LLL:  If the dispute lasts long enough, at some point, the lawyer will take and defend depositions and eventually examine witnesses at trial. What do you think are the keys to effective listening in the context of witness testimony?

JDB:​  Particularly in early years of practice, many lawyers prepare for depositions and trial testimony by developing extensive witness outlines covering numerous topics and containing detailed questions (sometimes including the expected answers). But as trial lawyers well know, testimony never goes exactly as planned or scripted, especially in the case of direct testimony. Learning to get the witness talking, listening to what the witness actually says (as opposed to what we expect or hope to hear), and following up to the actual responses, is critical to effective examination. This is something that, like many experienced practitioners, I am constantly aware of and seeking to improve upon.
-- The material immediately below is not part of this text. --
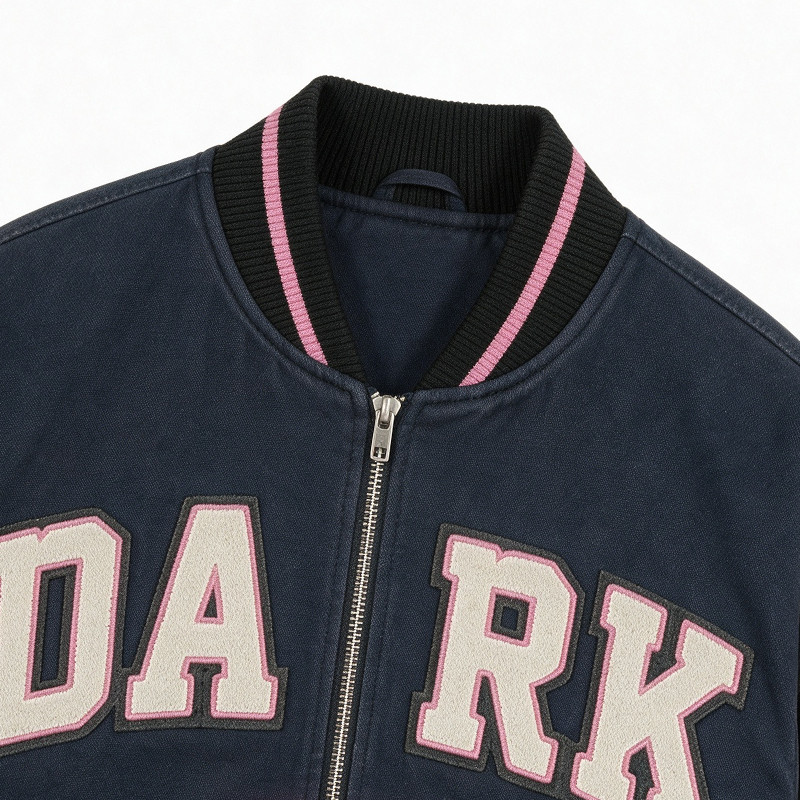DTG Screen Print Washed towel embroidery Applique Patchwork Varsity Jacket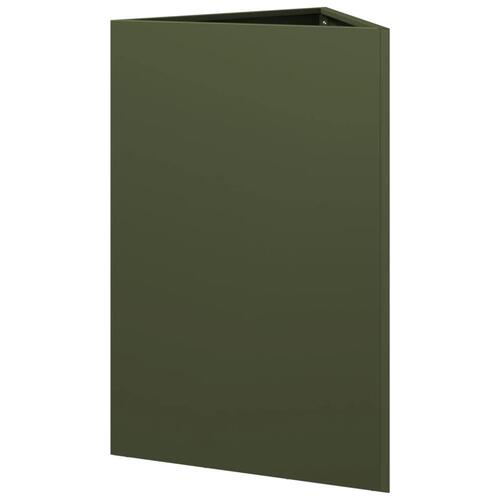 Plantekrukke 50x43x75 cm trekantet stål olivengrøn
The more an examination, even cross examination, is like a true conversation with each side listening and responding to the other, the more effective you can be at eliciting key points (good and bad) you want the jury (or judge on summary judgment) to hear and remember. All witnesses can surprise and frustrate a trial lawyer; the key is to listen and understand what you can and can’t do with a witness.

LLL: For the trial lawyer, a very important audience is the trial judge. How can lawyers use listening to better understand the trial judge?

JDB:  All trial judges are busy with heavy case dockets, and appreciate brevity and clarity. On any given civil motions calendar there could be 40 to 50 cases. The judge needs to know what type of matter is before her (discovery motion, procedural issue, etc.), what she is being asked to do, and why. Judges will generally tell you what they need to understand or hear in order to issue a ruling.

The most skilled lawyers I have observed listen carefully to questions from the bench, whether directed to them or opposing counsel, and react by instantly tailoring their argument to the point or points the judge seems most interested in or confused by. Most importantly, the best lawyers don’t waste the court’s time with unnecessary argument. If a judge indicates, directly or indirectly, that they likely agree with you, acknowledge it and move on. If there is nothing further to say, stop talking and sit down.

LLL:When cases do go up on appeal, listening during oral argument is another intense experience. What are the listening challenges of oral argument, and how do you deal with them?

JDB:  ​In appellate advocacy, the same principals apply but with even greater force. Accomplished appellate lawyers say that the best appellate arguments are like living-room conversations, except that the advocate’s window of opportunity to persuade is narrow and can easily be lost if the lawyer does not carefully listen and directly respond to questions.

Usually, a question from the bench is much more than an opportunity to expound on an issue or portion of your prepared argument. It tells you exactly which part of your argument is most troubling to the court or to the particular judge with the question. And it gives you the chance (in 60 or 90 seconds) to persuade that judge, and perhaps others, to your position.

Preparation is key, as you must anticipate and be ready to immediately give your best response to a myriad of issues and related questions from the bench. But absent insightful listening, the chance to persuade will be lost.

Jay, thanks so much for sharing your thoughts with Listen Like a Lawyer.